Of course, this idea would actually carry over to Sam Raimi’s trilogy of “Spider-Man” films, with Tobey Maguire’s webs coming from his wrists instead of web-shooters. But outside of that, it doesn’t seem like Cameron’s tonal ideas carried over into Raimi’s uber-colorful, often silly film series. 

“I wanted to make something that had a kind of gritty reality to it,” he added. “Superheroes in general always came off as kind of fanciful to me, and I wanted to do something that would have been more in the vein of ‘Terminator’ and ‘Aliens,’ that you buy into the reality right away. So you’re in a real-world, you’re not in some mythical Gotham City. Or Superman and the Daily Planet and all that sort of thing, where it always felt very kind of metaphorical and fairytale-like. I wanted it to be: It’s New York. It’s now. A guy gets bitten by a spider. He turns into this kid with these powers, and he has this fantasy of being Spider-Man, and he makes this suit, and it’s terrible, and then he has to improve the suit, and his big problem is the damn suit. Things like that. I wanted to ground it in reality and ground it in universal human experience.

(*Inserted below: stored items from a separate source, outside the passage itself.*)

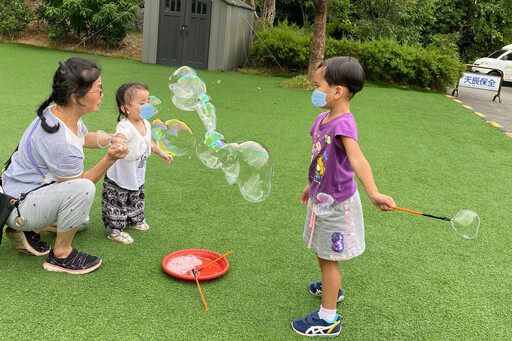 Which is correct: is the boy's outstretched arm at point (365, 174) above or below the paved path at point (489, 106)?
above

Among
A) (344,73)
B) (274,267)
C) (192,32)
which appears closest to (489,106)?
(192,32)

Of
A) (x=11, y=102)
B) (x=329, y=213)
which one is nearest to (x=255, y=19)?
(x=11, y=102)

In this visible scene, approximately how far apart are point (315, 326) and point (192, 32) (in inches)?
466

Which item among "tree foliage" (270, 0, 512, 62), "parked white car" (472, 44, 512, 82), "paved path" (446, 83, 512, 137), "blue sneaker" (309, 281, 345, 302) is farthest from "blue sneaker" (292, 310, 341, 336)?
"parked white car" (472, 44, 512, 82)

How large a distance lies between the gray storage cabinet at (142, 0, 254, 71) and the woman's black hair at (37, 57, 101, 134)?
10670mm

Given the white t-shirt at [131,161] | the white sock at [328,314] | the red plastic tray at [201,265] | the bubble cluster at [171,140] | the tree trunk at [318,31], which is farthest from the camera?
the tree trunk at [318,31]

I think it would have been a fun film to make.”

As mentioned, eventually, the project fell apart due to the studio not wanting to spend the money to secure the film rights to “Spider-Man.” And the situation taught Cameron a valuable lesson.

“I made a decision after ‘Titanic’ to just kind of move on and do my own things and not labor in the house of others’ IP,” he explained. “So I think [‘Spider-Man’ not coming together] was probably the kick in the ass that I needed to just go make my own stuff.”

And the rest, as they say, is history.